Above all, I found that the conference deepened my awareness of the role the digital sphere can play in mental health today. Dr Angeliki Zoumpouli delivered an intriguing talk about challenges in delivering remote psychotherapy, addressing issues such as potential distractions, (such as televisions on or other residents in the room), or connectivity problems. When the home becomes an extension of a workplace, a substitute clinical setting, certainly the drawbacks need to be considered. The activities of other residents in the house may be compromised if a shared room us used for the discussion. The privacy of the patient may be reduced if there are interruptions from a partner or housemate. Confidential material could be overheard; and the patient may be less open. Slow internet speeds could also compromise the meeting. From a professional perspective, the challenge of interpretation in a digital setting was addressed, more reliance on verbal exchange instead of body language, for example. I was interested to hear about the mitigations of the various problems: back ups plans if the connection is lost, and the use of clear facial expressions. 

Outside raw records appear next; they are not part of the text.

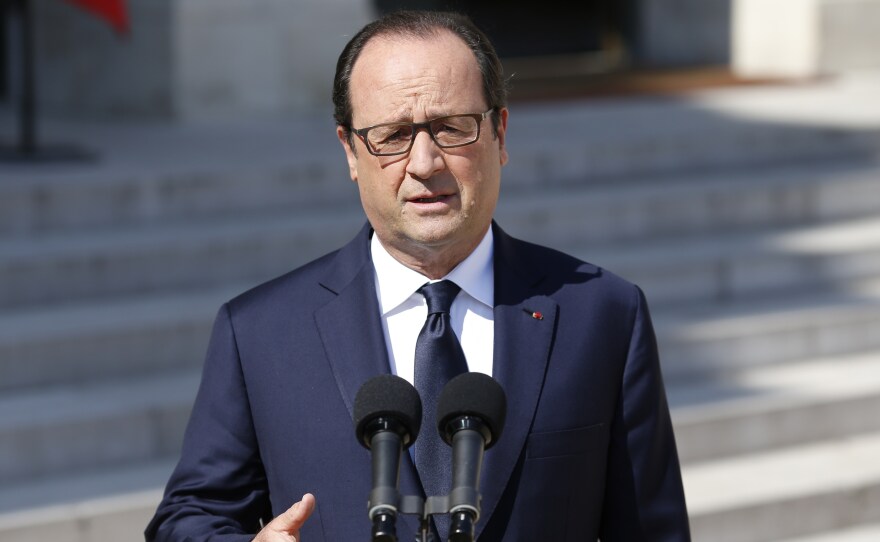 French President François Hollande speaks to the press at the Elysee Palace in Paris on Friday.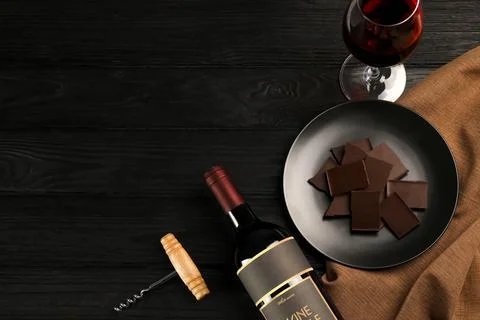 Flat lay composition with tasty red wine and chocolate on black wooden table. Foto stock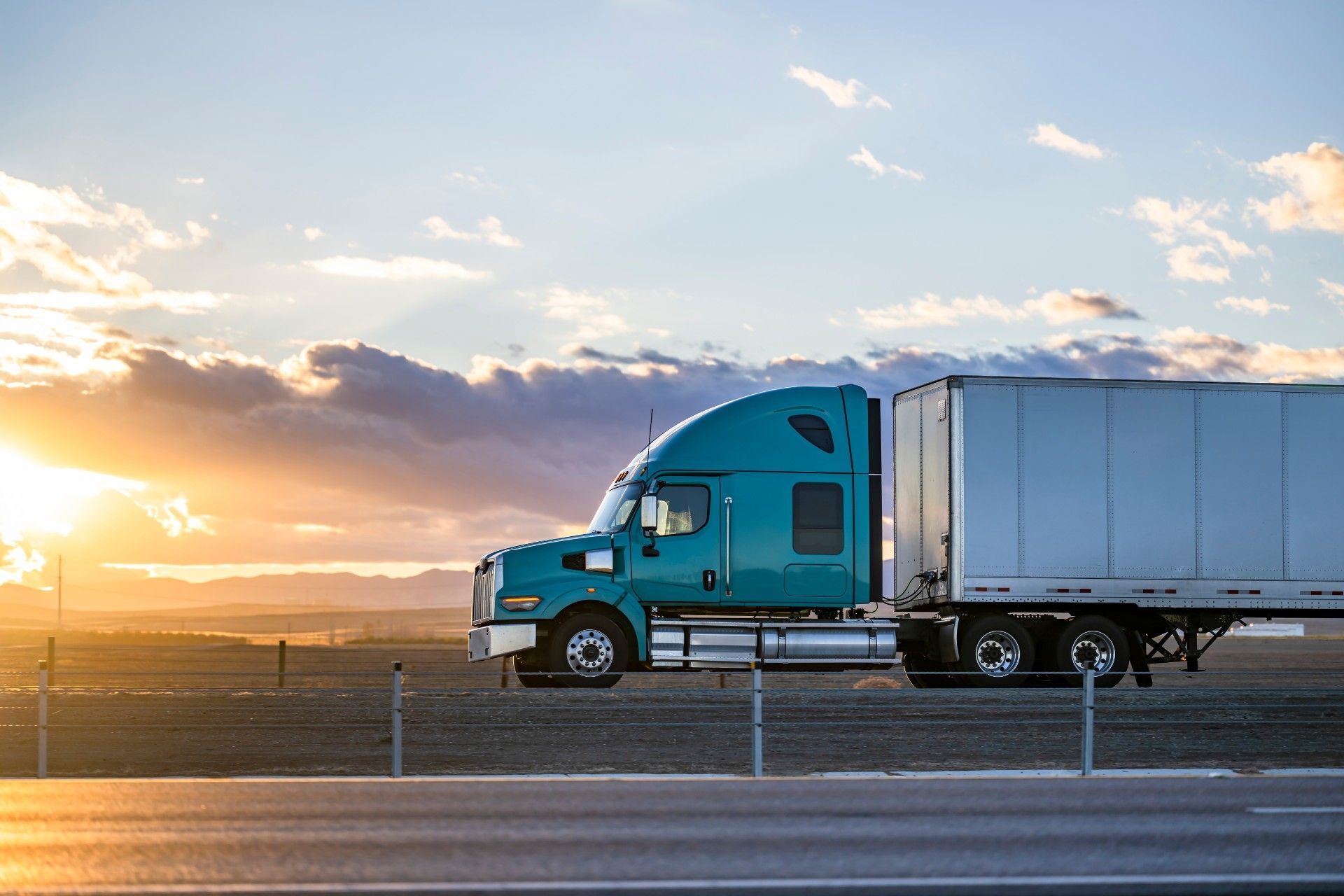 A blue semi truck is driving down a highway at sunset.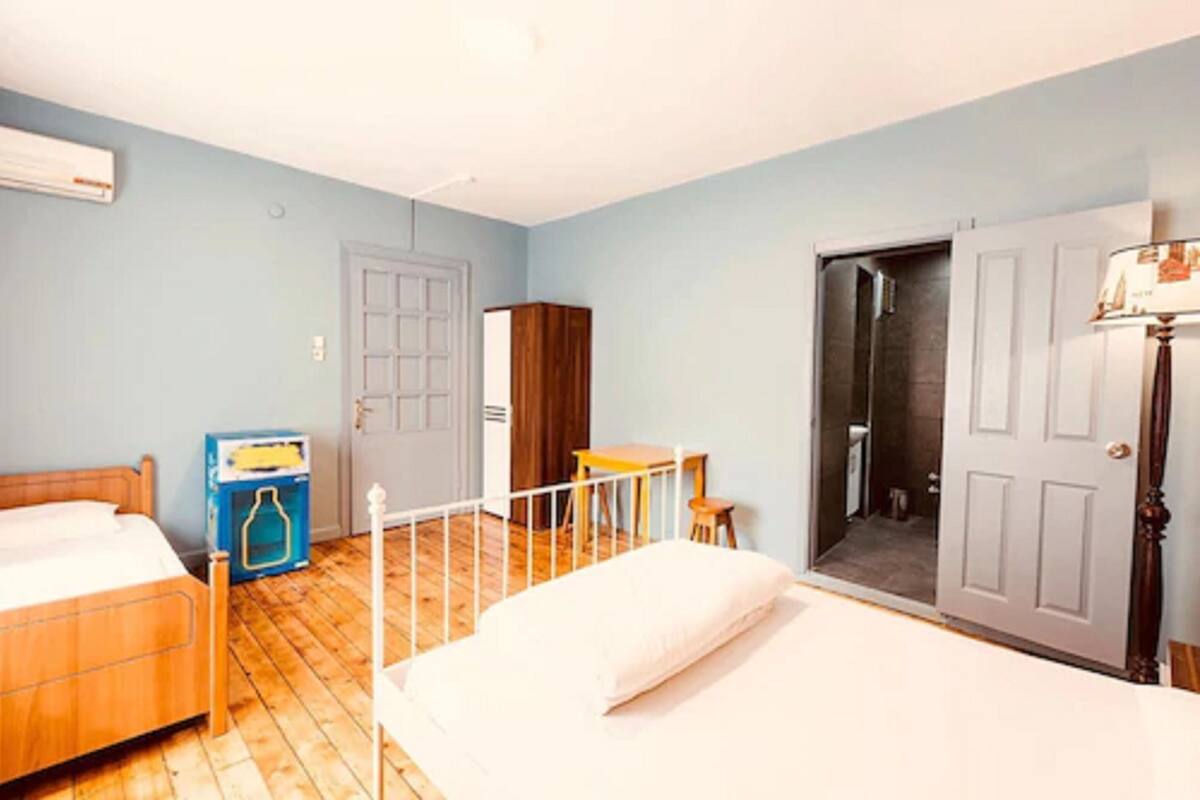 Un dormitorio con dos camas, un armario, un escritorio y una puerta que da a un baño.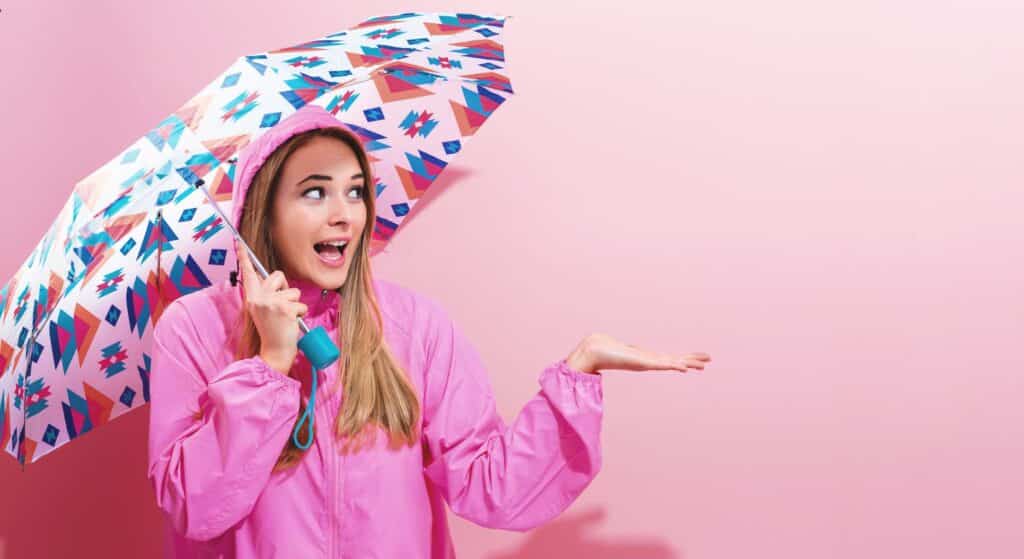 Woman in pink raincoat holding colorful umbrella against pink background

Following on, the discussion by SHOUT was an eye opener, not only given the number of users who text about self-harm, but also the revelation that the police are quite often called to intervene in cases that cross a threshold of concern. I can see there are advantages here concerning safety. I hope that users are informed that the discussions are not always confidential and what the outcomes can be if concerning information is shared. 

The day, above all, was a fascinating discovery of new information, and provided a chance for people to gather to hear about new advances at the interfaces between psychiatry, well being and technology, and to share ideas during question time, or over drinks. One of the most striking features of the conference for me was the way we were brought into a very human and warm proximity with each other, whilst the subject of the conference was digital technology. This was a reminder that whilst the internet and online applications inevitably have practical applications, human interaction is irreplaceable.